Muchiri attributes the presence of unregistered pesticides to smuggling through "porous Kenya-Uganda and Kenya-Tanzania borders", but when questioned about the documented health impacts across Kenya's agricultural workforce, he admits the agency's fundamental abdication of responsibility: "PCPB has not independently monitored these cases, and the Ministry of Health currently lacks the epidemiological data to link specific illnesses to occupations, despite our requests for this information."

Government action

After years of pressure, in late 2024, Agriculture Cabinet Secretary Mutahi Kagwe announced the immediate withdrawal of 77 pesticide active ingredients from the Kenyan market and restrictions on 202 products.

An additional 151 products are under review, with decisions expected by December 2025.

"Following scientific assessments and stakeholder consultations, we have identified certain active ingredients and associated end-use products that pose unacceptable risks to human health, crops, livestock and the environment," Kagwe stated.

The Ministry also implemented Shollei's key demand: all pest control products seeking registration in Kenya must now also be registered in their country of origin.

However, Kagwe's most significant revelation was his acknowledgement of organised criminal resistance to reform: "Powerful pesticide cartels are undermining Kenya's efforts to eliminate banned agrochemicals and enforce food safety. The cartels are fighting back, bribing officials, infiltrating institutions and manipulating the media to resist reforms."

The information war

"The local vernacular stations have 98 per cent reach, so even farmers on their farms are being told how good this thing is.
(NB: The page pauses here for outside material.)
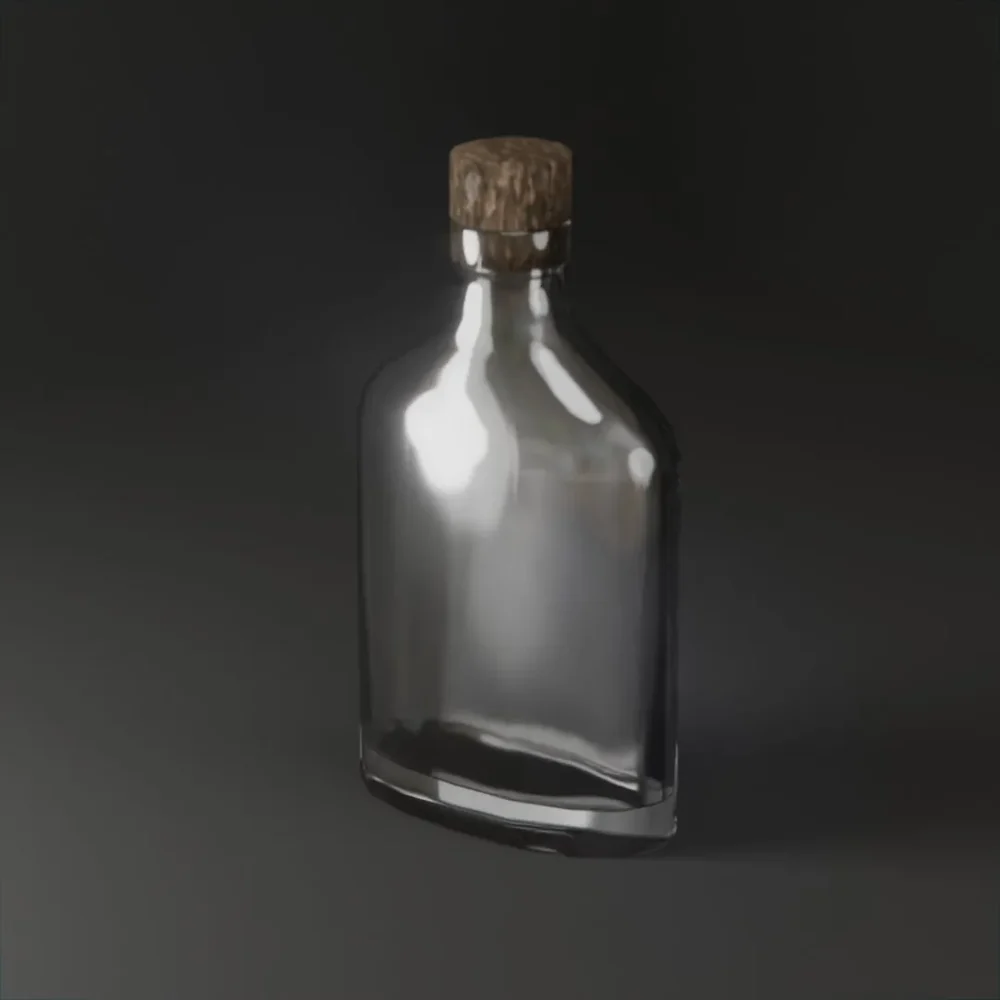 Glass Alcohol Lark Bottle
However, I've not heard an advertisement that says it's harmful," Shollei observes.

This information asymmetry keeps workers and farmers ignorant of the risks they face daily. Whilst agrochemical companies flood vernacular radio with safety claims, independent voices warning of health risks are systematically excluded.

The industry's influence extends to agricultural education and research, creating a system where workers receive one-sided information about pesticide benefits while remaining ignorant of documented health risks.